Criminal Probe Against Writedowns by GE Compounds Its Bad Q3 Performance

Following the revelation of a an expanded federal accounting probe, coupled with disappointing third quarter results saw the share price of General Electric drop to their lowest in nine years.

During the announcement of its third quarter results, the first since the taking over of the new chief executive officer Larry Culp, the company announced the news about the widening of the probe by the United States Securities and Exchange Commission (SEC) into the accounting of the company to examine the $22 billion write off charge in its power-equipment unit. The write down is also being investigated by the Justice Department which was first revealed by the company on the day the company announced the replacement of John Flannery by Culp as the chief executive.

GE is battling with its severest slump in its 126 year business history which has been compounded by the federal on GE. The company is facing shortfalls in cash-flow and a steady reduction in demand for its gas turbines. The measures for a turnaround of the company and a reorganization plan for its power division, as disclosed by Culp during the earnings call with analysts, were overshadowed by the announcement about the probes.

There was a 8.8 per cent drop in the shares of the company to reach $10.18 at the close in New York, which is the highest single day drop for the company since March 2009. The value reached the lowest since April of that year.  So far this year, the shares of GE have already dropped by 36 per cent. The gains made from a mini-rally in the stocks after the announcement of the appointment of Culp has also been lost.

The company should be worried about the involvement of the Justice Department.
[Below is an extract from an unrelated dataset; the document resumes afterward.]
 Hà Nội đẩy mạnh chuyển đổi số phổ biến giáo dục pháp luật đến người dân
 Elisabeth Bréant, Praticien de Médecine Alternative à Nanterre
Say analysts.

“It’s just stepping up the seriousness of it,” said Holly Froum, a legal analyst at Bloomberg Intelligence. “The SEC can file civil charges, but the DOJ can file criminal charges.”
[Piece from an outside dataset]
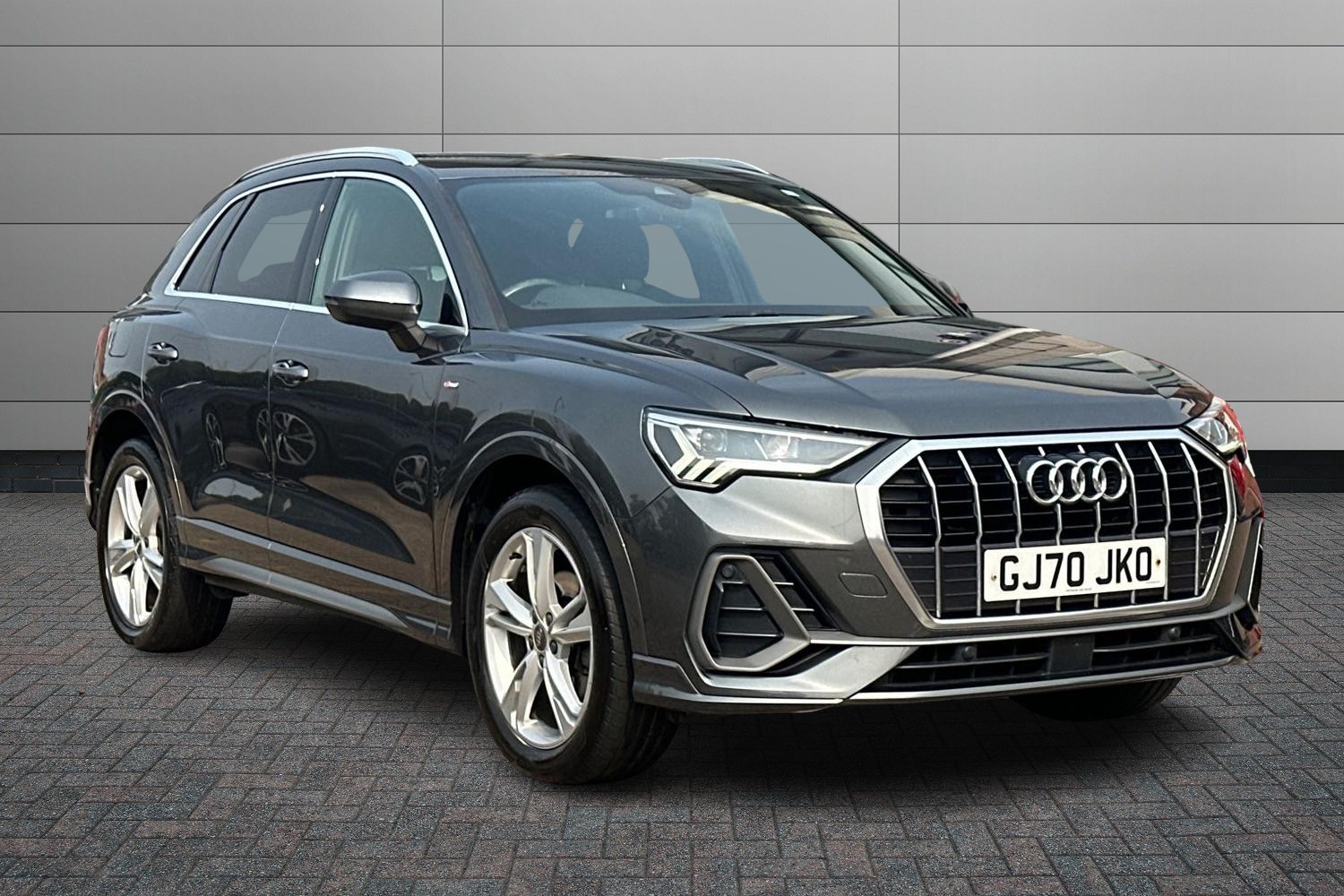 Main listing image - Audi Q3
In January, the company had said that its accounting in the power division and a $6.2 billion charge in an old insurance portfolio were being look at by the SEC. The company also announced a writedown in its power unit related to goodwill impairment this month.
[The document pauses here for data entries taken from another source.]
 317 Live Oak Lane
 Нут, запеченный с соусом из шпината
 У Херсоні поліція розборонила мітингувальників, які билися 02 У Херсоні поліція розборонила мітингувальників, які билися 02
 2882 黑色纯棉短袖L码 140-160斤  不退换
“When there’s new investigations from the SEC and the Department of Justice, that’s just not the stuff that you can build much of an investment case around in the near term,” Jeffrey Sprague, an analyst at Vertical Research Partners, said in a TV interview. Sprague also noted that the company didn’t deliver any guidance on earnings or cash-flow on Tuesday.

The writedowns were being expected by analysts following acknowledgement by Flannery of the less than expected performance of the power assets that were acquired by the company from Alstom SA in 2015. That deal which was worth $10 billion was literally pushed through by the former CEO, Jeffrey Immelt, at a time when the demand for power equipment was just beginning to falter.